I must say, after initial inspection and a few shots with this Jungle Hunter II slingshot, I am impressed. But I am a newbie, so I tend to be impressed easily at this stage of my slingshot shooting. The slingshot came with four strand 1745 tubes. These are smaller and easier to pull than I was anticipating, but they appear to zing ammo towards the target with authority. As a comparison, these four strand 1745 tubes are heavier than my Tex-Shooter "Target" flatbands, but lighter than my A+ "Gold Winner" flatbands and also lighter than my TruMark RRT tube bands. I like the feel of these 1745 tubes. I do not like the feel of my TruMark RRT tubes (for what that's worth).
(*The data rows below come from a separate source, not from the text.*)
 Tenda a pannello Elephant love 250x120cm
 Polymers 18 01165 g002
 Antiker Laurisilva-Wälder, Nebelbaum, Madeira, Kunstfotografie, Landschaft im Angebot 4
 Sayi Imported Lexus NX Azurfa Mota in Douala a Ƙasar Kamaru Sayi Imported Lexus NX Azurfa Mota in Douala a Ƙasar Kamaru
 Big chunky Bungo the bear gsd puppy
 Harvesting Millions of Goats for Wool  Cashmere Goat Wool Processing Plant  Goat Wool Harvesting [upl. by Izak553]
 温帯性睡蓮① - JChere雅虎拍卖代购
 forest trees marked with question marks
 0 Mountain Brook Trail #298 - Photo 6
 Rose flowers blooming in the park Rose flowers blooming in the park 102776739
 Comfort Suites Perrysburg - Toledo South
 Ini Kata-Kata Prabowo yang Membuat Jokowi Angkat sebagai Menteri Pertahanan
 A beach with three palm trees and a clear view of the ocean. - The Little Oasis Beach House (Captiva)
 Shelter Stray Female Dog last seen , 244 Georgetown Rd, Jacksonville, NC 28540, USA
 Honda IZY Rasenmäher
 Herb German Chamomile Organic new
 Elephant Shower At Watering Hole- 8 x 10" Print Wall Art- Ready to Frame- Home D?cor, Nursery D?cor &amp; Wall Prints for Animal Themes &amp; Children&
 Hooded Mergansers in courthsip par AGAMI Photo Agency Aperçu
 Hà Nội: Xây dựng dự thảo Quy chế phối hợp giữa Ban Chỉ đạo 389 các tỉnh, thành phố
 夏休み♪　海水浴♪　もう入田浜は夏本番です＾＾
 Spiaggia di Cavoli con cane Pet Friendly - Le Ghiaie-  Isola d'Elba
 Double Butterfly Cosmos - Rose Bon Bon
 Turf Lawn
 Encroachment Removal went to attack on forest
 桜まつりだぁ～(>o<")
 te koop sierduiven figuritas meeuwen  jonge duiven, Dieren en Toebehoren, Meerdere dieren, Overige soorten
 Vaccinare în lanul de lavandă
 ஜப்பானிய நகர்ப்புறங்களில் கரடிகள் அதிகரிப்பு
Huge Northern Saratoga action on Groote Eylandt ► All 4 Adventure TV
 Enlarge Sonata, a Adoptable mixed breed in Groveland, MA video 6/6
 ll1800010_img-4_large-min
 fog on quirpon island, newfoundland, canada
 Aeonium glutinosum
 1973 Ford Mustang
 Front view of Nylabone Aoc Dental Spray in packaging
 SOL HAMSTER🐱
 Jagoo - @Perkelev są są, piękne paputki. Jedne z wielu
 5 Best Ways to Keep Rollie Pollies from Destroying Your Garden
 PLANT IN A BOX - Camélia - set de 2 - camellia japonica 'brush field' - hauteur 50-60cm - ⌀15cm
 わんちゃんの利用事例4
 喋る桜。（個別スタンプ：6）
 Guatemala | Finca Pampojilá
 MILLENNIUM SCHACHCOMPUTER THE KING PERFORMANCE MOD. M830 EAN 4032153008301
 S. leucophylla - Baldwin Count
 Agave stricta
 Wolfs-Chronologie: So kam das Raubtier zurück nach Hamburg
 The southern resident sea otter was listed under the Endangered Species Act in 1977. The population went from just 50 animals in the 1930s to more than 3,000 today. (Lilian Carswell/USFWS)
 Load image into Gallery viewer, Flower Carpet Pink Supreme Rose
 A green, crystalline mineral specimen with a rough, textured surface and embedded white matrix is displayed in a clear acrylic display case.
The pouch appears heavy duty, thickish, and a bit stiff. It has a suede-like feel on both sides. The Jungle Hunter II is quite a bit heavier than my A+ PS2 (steel vs. wood). It feels good in the hand and the heaviness makes it feel quite solid, I would call it "bullet proof". I have not taken enough shots with it to establish a good aiming point yet, but in the first few shots I was within a 7 to 8 inch circle at ten yards. That should come down as I learn the slingshot.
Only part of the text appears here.